Posted by artradar on October 21, 2008


MUSEUM ACQUISITIONS

Acquired as a gift by The Outset /Frieze Art Fair Fund to benefit the Tate Collection:
Akram Zaatari born 1966
Nature Morte, 2008
Video projection
11 minutes
Dimensions variable
Ed 2/5 + 1 AP
Galerie Sfeir-Semler, Hamburg
Akram Zaatari is a video artist and curator who lives and works in Beirut. Author of more than 30 videos, and video installations, Zaatari has been exploring issues pertinent to Lebanese postwar condition, particularly the mediation of territorial conflicts and wars through television.
Each year, two prominent international curators are invited to work alongside Tate curators to select works.
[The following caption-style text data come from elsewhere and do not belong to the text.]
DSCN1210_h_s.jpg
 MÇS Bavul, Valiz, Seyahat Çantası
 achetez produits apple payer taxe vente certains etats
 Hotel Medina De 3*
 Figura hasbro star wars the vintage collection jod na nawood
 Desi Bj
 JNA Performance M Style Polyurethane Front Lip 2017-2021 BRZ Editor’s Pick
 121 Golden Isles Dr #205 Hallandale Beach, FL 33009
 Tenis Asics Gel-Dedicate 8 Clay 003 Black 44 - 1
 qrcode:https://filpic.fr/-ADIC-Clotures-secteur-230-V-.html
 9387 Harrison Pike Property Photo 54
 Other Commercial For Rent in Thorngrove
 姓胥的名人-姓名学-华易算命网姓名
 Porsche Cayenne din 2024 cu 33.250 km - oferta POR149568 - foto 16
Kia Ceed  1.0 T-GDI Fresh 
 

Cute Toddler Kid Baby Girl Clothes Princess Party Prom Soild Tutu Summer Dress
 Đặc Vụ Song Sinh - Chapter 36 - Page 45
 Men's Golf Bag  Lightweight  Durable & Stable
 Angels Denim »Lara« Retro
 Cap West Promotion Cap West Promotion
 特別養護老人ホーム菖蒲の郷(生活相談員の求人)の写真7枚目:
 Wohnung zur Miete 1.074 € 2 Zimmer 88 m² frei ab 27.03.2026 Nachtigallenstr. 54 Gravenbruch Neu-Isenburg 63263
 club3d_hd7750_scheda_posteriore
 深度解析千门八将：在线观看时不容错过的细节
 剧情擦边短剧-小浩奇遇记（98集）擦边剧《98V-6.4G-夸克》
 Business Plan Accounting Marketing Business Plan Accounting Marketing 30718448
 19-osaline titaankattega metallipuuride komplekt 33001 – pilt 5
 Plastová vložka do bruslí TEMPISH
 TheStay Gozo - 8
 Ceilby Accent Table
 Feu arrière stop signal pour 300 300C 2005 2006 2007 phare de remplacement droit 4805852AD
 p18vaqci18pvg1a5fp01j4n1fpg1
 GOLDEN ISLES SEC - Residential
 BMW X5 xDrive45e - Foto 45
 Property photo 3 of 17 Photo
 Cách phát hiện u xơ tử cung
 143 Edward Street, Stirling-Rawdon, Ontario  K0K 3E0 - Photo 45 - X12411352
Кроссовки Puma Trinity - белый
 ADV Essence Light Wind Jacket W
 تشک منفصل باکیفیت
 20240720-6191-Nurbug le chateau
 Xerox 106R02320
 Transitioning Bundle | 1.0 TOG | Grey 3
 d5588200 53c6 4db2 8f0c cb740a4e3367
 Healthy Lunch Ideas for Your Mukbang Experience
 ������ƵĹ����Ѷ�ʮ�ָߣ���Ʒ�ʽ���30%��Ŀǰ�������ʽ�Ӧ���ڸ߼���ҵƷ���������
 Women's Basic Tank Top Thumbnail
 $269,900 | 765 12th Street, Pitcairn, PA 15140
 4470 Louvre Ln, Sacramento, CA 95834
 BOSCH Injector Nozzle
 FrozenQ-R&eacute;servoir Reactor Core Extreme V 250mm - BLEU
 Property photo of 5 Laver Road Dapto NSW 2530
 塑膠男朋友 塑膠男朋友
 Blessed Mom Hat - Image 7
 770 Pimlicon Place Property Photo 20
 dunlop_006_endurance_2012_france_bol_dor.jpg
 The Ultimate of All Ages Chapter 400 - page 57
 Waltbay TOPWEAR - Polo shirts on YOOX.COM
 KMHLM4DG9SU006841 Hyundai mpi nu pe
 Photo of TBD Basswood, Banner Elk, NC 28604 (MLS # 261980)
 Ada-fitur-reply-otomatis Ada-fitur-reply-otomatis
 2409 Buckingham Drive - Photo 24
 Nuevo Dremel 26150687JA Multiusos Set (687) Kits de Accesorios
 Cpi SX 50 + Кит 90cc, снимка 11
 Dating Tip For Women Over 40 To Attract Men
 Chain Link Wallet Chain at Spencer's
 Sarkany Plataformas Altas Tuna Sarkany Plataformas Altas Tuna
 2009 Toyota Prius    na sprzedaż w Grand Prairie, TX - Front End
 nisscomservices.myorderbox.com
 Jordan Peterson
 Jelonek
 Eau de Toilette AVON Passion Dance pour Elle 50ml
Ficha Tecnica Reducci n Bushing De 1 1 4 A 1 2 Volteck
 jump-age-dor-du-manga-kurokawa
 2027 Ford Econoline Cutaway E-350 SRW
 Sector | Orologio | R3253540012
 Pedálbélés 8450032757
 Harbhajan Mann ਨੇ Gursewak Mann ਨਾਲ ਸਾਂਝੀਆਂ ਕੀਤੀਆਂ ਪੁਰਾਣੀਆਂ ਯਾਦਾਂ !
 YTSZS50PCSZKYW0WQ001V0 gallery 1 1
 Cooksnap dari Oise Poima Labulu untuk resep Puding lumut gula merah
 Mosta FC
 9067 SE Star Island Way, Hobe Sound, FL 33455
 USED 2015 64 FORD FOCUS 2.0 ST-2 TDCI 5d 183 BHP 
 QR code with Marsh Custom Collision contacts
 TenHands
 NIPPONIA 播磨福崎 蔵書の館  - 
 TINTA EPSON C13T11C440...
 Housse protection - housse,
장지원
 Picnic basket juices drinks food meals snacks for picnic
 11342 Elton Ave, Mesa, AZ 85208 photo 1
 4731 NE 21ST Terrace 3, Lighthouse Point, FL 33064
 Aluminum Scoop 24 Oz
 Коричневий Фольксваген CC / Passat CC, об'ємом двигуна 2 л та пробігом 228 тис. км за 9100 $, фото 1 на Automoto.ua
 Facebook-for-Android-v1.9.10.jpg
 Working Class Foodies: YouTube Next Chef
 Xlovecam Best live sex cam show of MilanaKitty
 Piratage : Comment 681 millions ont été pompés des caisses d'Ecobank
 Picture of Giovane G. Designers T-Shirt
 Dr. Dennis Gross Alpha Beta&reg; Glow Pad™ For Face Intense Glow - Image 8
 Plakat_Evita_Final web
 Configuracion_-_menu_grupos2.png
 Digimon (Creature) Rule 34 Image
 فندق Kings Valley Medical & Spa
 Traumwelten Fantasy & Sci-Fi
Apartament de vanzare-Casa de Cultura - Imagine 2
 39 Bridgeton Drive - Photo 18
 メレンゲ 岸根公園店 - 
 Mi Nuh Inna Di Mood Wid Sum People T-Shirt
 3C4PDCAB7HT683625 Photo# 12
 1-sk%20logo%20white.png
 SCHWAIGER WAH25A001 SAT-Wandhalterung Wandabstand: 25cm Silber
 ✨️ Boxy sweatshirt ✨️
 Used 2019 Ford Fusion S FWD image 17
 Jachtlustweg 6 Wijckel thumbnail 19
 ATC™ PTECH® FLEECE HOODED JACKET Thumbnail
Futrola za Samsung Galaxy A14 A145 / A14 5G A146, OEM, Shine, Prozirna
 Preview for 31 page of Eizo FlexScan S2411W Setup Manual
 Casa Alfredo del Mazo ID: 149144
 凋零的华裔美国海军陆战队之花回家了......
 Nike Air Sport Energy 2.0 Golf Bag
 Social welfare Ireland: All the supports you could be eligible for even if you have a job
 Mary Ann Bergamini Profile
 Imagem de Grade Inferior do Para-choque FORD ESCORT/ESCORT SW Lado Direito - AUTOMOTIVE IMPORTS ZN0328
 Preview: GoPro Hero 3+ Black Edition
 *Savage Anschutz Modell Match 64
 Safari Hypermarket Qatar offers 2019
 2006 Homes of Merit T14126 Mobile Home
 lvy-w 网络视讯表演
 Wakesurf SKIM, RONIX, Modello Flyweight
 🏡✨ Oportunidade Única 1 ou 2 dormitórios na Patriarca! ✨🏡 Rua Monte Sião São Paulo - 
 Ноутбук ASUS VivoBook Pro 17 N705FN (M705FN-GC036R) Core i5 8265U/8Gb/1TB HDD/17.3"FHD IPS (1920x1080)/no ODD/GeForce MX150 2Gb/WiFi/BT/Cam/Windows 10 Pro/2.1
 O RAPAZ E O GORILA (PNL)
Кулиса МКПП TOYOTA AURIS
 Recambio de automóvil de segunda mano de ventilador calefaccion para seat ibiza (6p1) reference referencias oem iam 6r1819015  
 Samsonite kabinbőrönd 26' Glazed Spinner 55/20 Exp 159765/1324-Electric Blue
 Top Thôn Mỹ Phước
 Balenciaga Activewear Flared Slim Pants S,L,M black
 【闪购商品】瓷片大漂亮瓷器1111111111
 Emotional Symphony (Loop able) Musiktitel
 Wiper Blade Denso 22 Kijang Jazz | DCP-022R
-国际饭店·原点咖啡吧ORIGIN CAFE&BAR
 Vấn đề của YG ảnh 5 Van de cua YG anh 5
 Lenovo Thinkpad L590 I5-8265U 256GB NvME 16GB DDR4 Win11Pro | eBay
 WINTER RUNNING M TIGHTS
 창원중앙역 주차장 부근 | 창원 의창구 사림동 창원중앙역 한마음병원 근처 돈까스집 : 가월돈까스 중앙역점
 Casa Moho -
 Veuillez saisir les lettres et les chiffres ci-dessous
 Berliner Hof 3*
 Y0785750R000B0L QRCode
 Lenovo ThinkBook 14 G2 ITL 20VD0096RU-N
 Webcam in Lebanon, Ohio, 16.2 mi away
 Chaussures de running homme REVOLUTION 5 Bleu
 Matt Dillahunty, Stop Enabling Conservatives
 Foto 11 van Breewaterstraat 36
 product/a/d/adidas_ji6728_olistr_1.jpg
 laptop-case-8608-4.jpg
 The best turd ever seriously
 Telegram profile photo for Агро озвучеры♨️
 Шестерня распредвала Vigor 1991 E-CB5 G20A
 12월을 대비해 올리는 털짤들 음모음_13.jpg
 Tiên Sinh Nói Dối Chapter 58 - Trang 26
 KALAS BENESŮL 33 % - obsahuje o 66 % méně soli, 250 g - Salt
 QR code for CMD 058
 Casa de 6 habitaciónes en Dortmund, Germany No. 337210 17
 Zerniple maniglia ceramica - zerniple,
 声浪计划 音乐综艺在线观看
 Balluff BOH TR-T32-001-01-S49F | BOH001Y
This year, the international curators were Thelma Golden (Director and Chief Curator at The Studio Museum in Harlem) and Sabine Breitwieser (independent curator and General Secretary of CIMAM).

The Fund is organised by Outset which was founded in 2003 as a philanthropic organisation dedicated to supporting new art. The charity focuses on raising private funding from its supporters and trustees for public museums, galleries and art projects.

With Tate’s annual government funding for its acquisitions effectively frozen since 1982, and now worth a small proportion of its original value, the Fund helps provide a much needed contribution towards Tate’s ongoing campaign to develop its Collection. A significant number of works acquired through the Fund are currently on display at Tate Modern.